Quotes from and about Wyn:
1) "For all you know, these are just enhancements."
That startles him.
"I...I've never thought about your avatar being enhanced. Is it?"
He looks more than a little perplexed by the notion that the real me might look different. "Does it matter?" I say, teasing him, but only a little.
"No, of course not," he says, his voice earnest. "In fact, now that I'm thinking about it, if I met you in real life, I probably couldn't handle it. I'd faint or hyperventilate. Because I'm suave like that. Truly, I hope you are enhanced, for the sake of all humanity."
2) Wyn nods. "Good luck," he says, but he doesn't let go of my hand even when I try to tug it away.
"You're going to have to let go of me at some point," I say, smiling.
"I know," he says, returning the smile, "but not until the very last second."
3) Wyn blows out a breath. "Right, say no more. No grenades. What have you got?"
"Rappelling gun, crossbow, machete, and a shield. Half a quiver left for the bow. And a potato gun."
Wyn raises an eyebrow at me. "In case we get hungry?"
I grimace. "Long story."
"I'll trade you my brass knuckles for the potato gun," he says, like we're in kindergarten.
"You're on," I say, "but you gotta throw in half of a tuna sandwich to seal the deal."
"Only if you give me the creamy half of your Oreo."

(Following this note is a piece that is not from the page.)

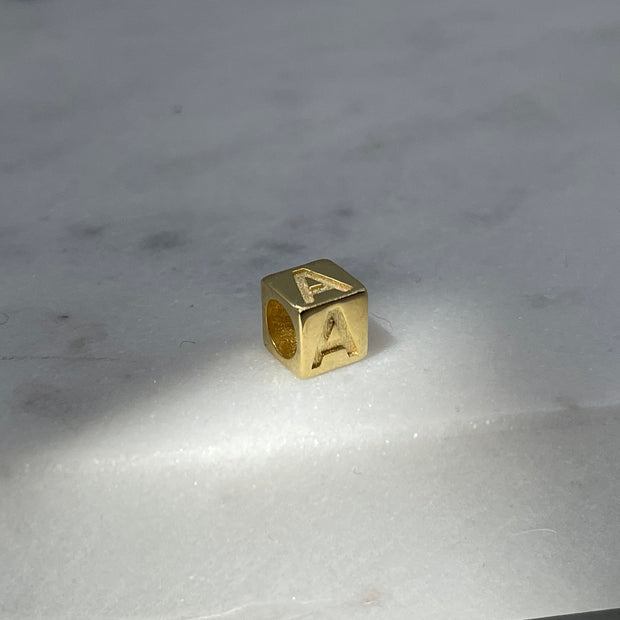 Goldwürfel, Charm, Buchstaben, personalisierbar, 14 Karat Gold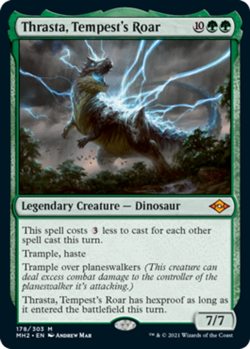 Light Play, English MTG Regular Thrasta, Tempest's Roar Modern Horizons 2 Magic - Image 1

4) "I look at the mambo-ing, salsa-ing, cha-cha-ing Meeple doing their complicated dance moves nearby. "Show-offs," I say, as Wyn and I two-step like hillbillies around the dance floor.
"They got nothing on us," Wyn says, putting his hands around my waist and lifting me into the air. As we twirl around I stretch my arms out like a ballerina. "Thatta girl, princessa!" he says, laughing at my dramatic pose.